### ASSIGNED TASK
Skip the pictures. Retype exactly, and only, the lines between the line holding "브랜드없음 [플레이맥스] 도톰한" and the last line below, inclusive.

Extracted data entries
------------------------------------------------------------------------
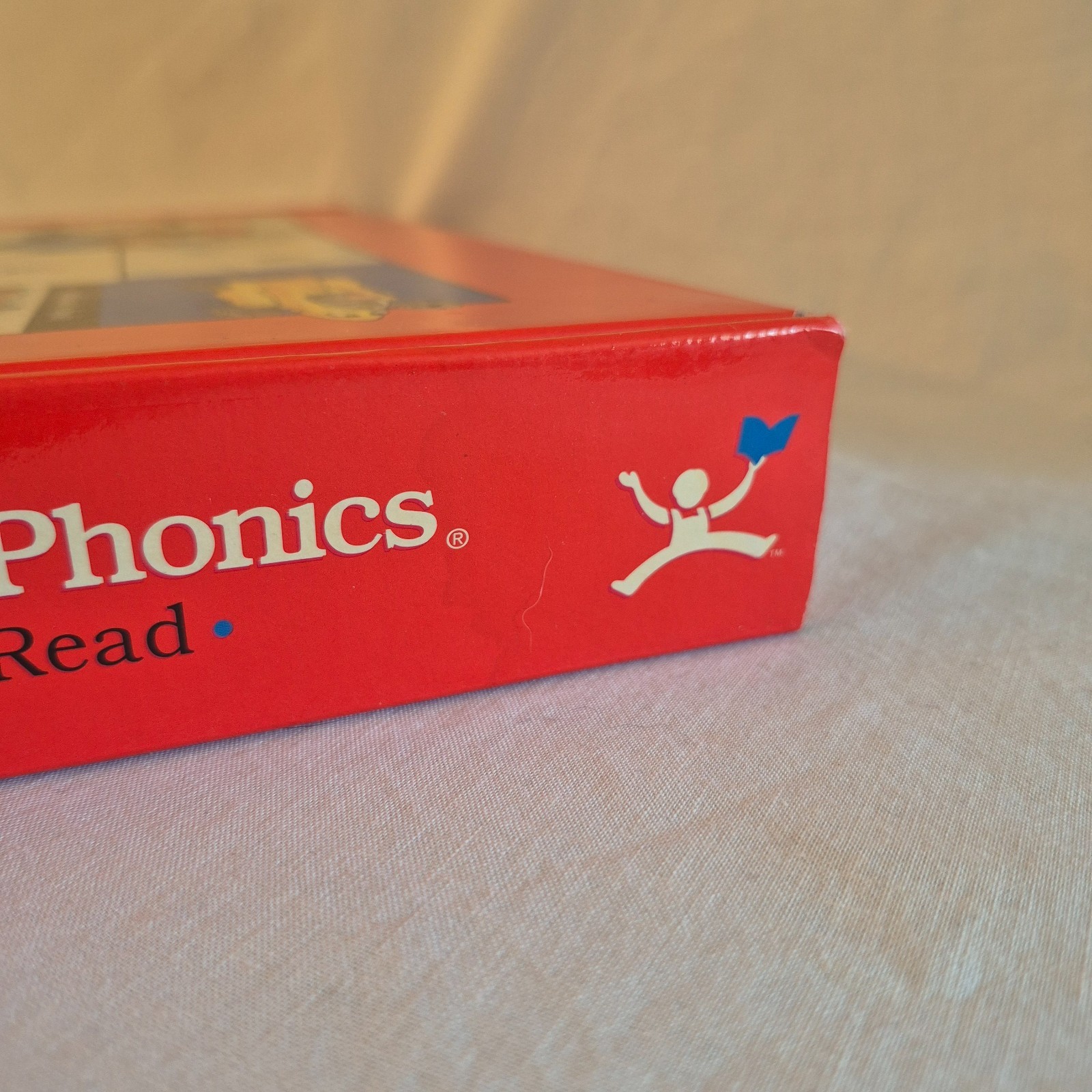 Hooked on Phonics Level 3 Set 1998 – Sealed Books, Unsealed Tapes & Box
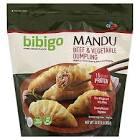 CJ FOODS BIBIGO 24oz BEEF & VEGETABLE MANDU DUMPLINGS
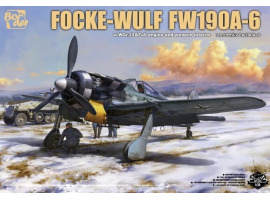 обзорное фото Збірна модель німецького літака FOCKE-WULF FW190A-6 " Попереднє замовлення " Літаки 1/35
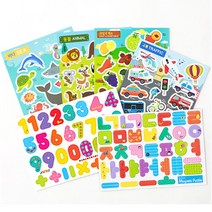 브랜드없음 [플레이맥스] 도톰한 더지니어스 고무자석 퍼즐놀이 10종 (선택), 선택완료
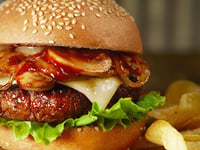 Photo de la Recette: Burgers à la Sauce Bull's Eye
------------------------------------------------------------------------
### WRITTEN RESPONSE
 브랜드없음 [플레이맥스] 도톰한 더지니어스 고무자석 퍼즐놀이 10종 (선택), 선택완료
 Photo de la Recette: Burgers à la Sauce Bull's Eye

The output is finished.